-- Opening Marker --
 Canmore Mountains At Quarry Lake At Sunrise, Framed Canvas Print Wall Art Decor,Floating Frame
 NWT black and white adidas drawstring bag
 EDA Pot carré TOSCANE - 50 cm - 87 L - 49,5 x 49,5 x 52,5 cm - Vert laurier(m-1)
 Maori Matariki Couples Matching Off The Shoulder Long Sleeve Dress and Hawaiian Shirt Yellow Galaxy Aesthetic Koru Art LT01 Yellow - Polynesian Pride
-- Closing Marker --
-- Opening Marker --
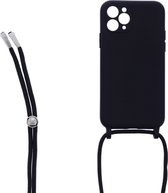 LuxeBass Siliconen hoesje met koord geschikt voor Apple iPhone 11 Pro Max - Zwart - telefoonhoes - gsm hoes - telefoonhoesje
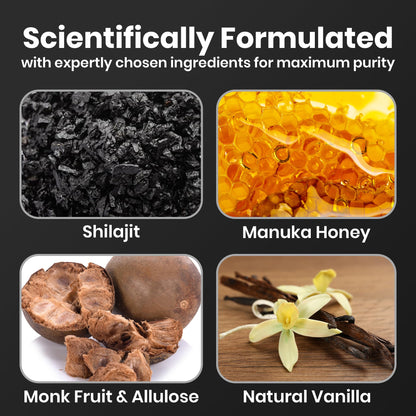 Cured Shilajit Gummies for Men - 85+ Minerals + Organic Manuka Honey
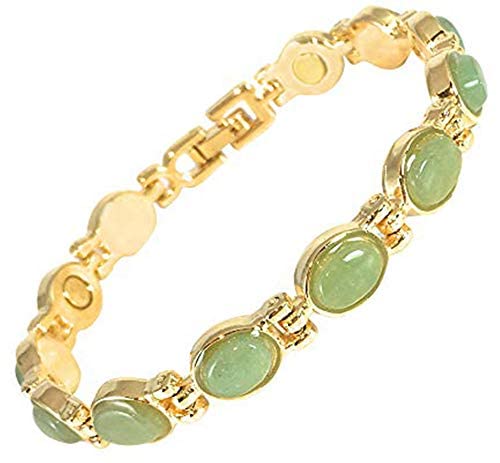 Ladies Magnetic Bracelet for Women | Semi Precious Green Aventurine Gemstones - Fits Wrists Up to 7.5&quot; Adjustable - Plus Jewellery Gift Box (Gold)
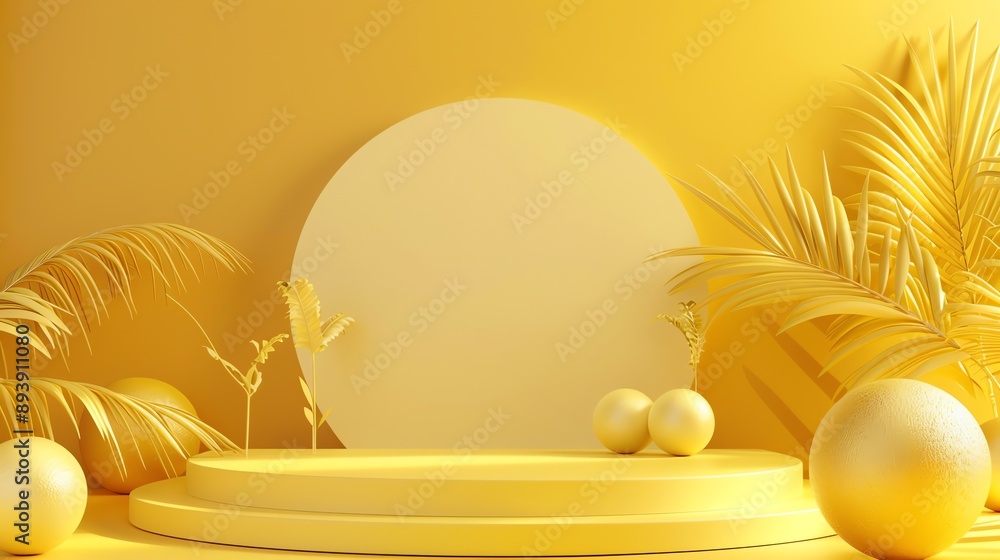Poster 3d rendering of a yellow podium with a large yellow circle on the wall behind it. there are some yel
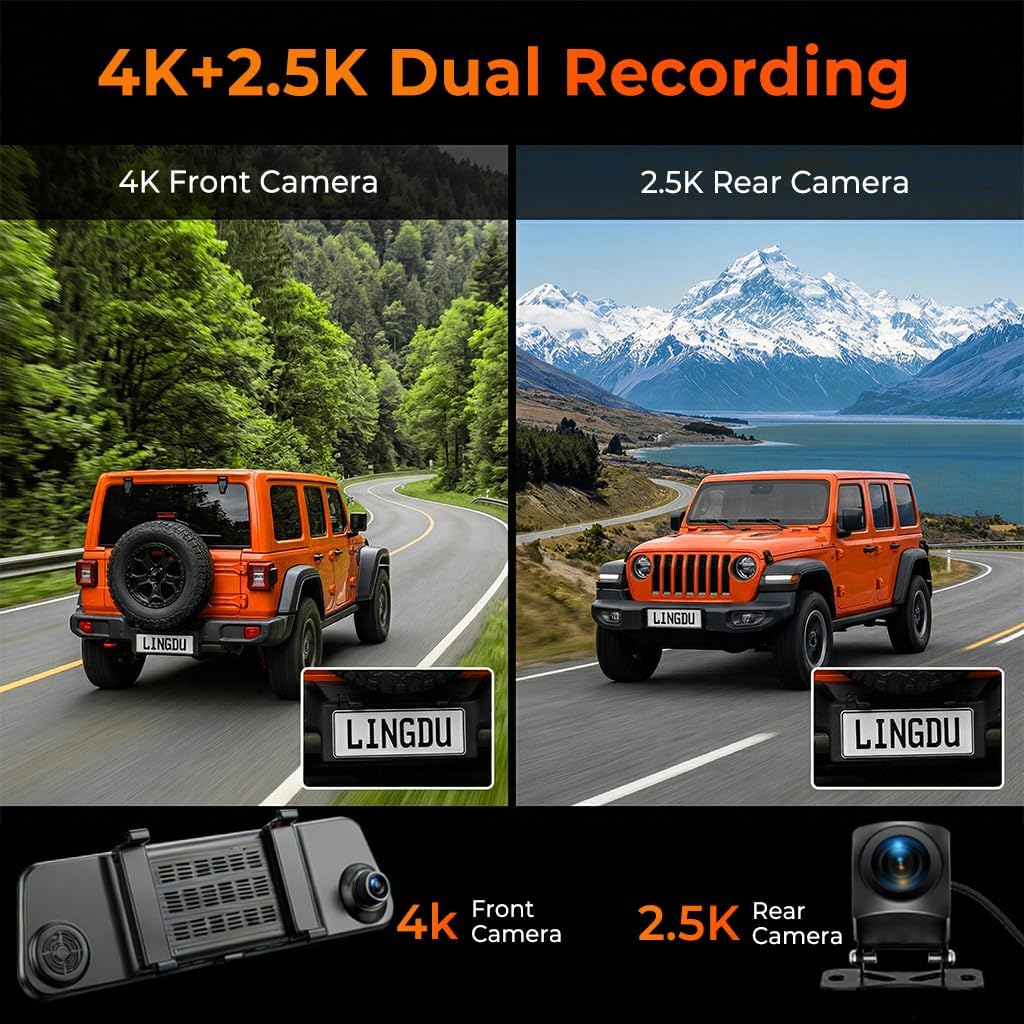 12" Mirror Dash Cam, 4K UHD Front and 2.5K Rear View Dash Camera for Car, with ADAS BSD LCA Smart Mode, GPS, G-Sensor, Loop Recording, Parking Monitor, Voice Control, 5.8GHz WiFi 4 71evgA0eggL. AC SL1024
-- Closing Marker --
ACTION ITEM
Everything from the line with "Ladies Magnetic Bracelet" down to the line with "Poster 3d rendering" in the data above should be copied exactly, with both end lines kept and the pictures left out.

WRITTEN REPLY
 Ladies Magnetic Bracelet for Women | Semi Precious Green Aventurine Gemstones - Fits Wrists Up to 7.5&quot; Adjustable - Plus Jewellery Gift Box (Gold)
Poster 3d rendering of a yellow podium with a large yellow circle on the wall behind it. there are some yel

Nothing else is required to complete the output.